Antitrust Made (Too) Simple
Christopher R. Leslie, Antitrust Made (Too) Simple, 79 Antitrust L.J. 917 (2014).
Robert Bork fundamentally changed the field of antitrust law with the publication of his book The Antitrust Paradox in 1978. The book’s primary themes were that antitrust doctrine should be concerned only with economic efficiency (which Bork termed “consumer welfare”) and that antitrust law had come untethered from efficiency. Bork championed per se legality for a variety of conduct, including resale price maintenance, non-price vertical restraints, and tying arrangements. He advocated greater latitude for horizontal mergers and complete immunity for all vertical and conglomerate mergers.
Now several decades old, Robert Bork’s The Antitrust Paradox continues to be among the most influential scholarship in antitrust law. Opinions differ as to the basis for Bork’s influence. Those who agree with Bork’s description of antitrust law and his prescriptions on antitrust policy would no doubt argue that it has been influential because Bork is correct on the merits. Some critics have suggested that the book’s influence stems from its circular reasoning, “which is its strength because circular logic is not rebuttable.” This essay posits an alternative explanation for Bork’s influence: even though Bork was largely wrong in his description and analysis of antitrust doctrine, he is influential because his explanations of complex economic phenomena were so simple.

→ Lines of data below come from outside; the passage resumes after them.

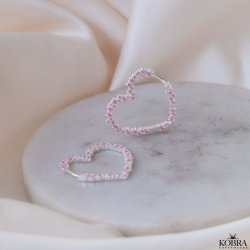 "Mikami" store slv hjerte reringe med lyserde sten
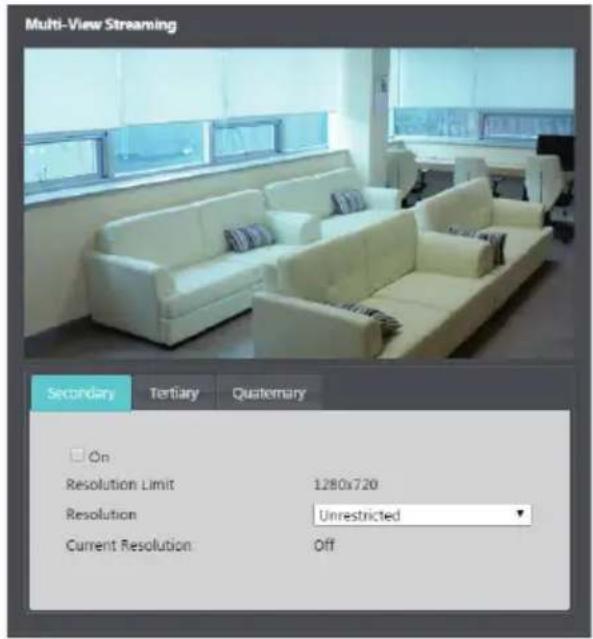 Multi-View Streaming Secondary Tertiary Quaternary On Resolution Limit 1280x720 Resolution Unrestricted Current Resolution Off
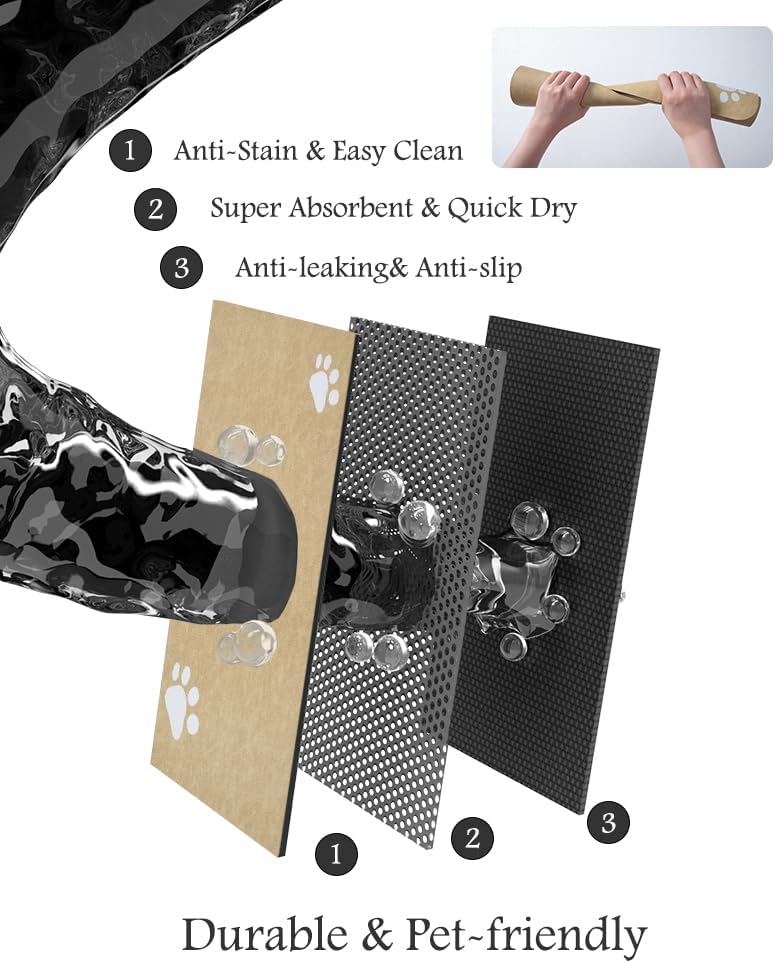 PADOOR Pet Feeding Mat-Absorbent Dog Mat for Food and Water Bowl-No Stains Easy Clean Dog Food Mat-Quick Dry Water Dispenser-Puppy Supplies Accessories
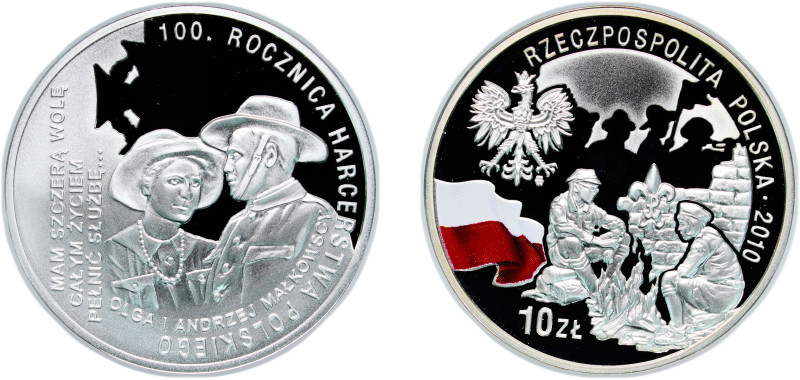 Poland Third Republic 2010 MW 10 Zlotys (Polish Scouting) Silver (.925) (pad pri...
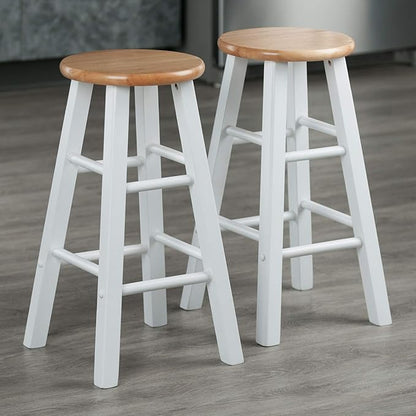 Winsome Element Counter Stools, Natural & White, 24", 2 Piece Set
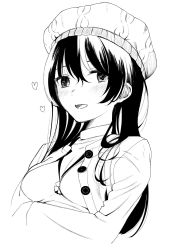 Rule 34 | akagi asahito, black hair, blush, breasts, buttons, cleavage, flower ornament, greyscale, hat, heart, highres, jacket, jewelry, long hair, long sleeves, looking at viewer, monochrome, necklace, open mouth, sketch, solo, upper body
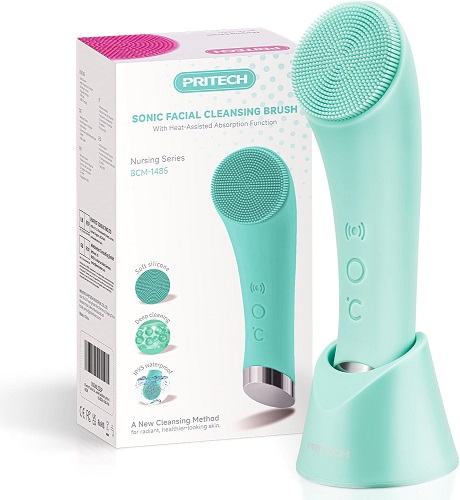 Silicone Facial Cleansing Brush with Heated Massage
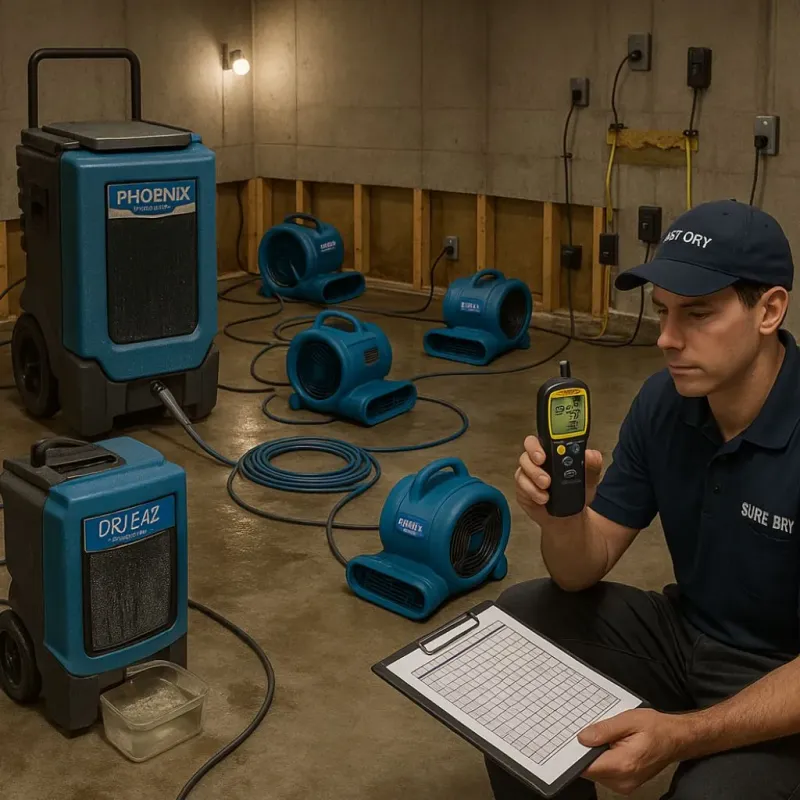 Structural Drying and Dehumidification process in Dickinson, ND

This essay examines four issues related to the simplicity of Bork’s approach to antitrust law. First, it shows how Bork oversimplified the legal landscape of antitrust law, which he then used as a foil. Second, it discusses how Bork made sweeping claims based on weak evidence, oversimplified assumptions, and logical fallacies. Third, it hypothesizes why Bork’s views have been so persuasive to judges. And, fourth, it condemns Bork’s ultimate legacy — his attempt to thwart the evolution of antitrust economics beyond his basic model where all markets are efficient and antitrust law is unnecessary. The essay concludes that the greatest strength of Bork’s scholarship — its simplicity — is also, ultimately, its greatest weakness.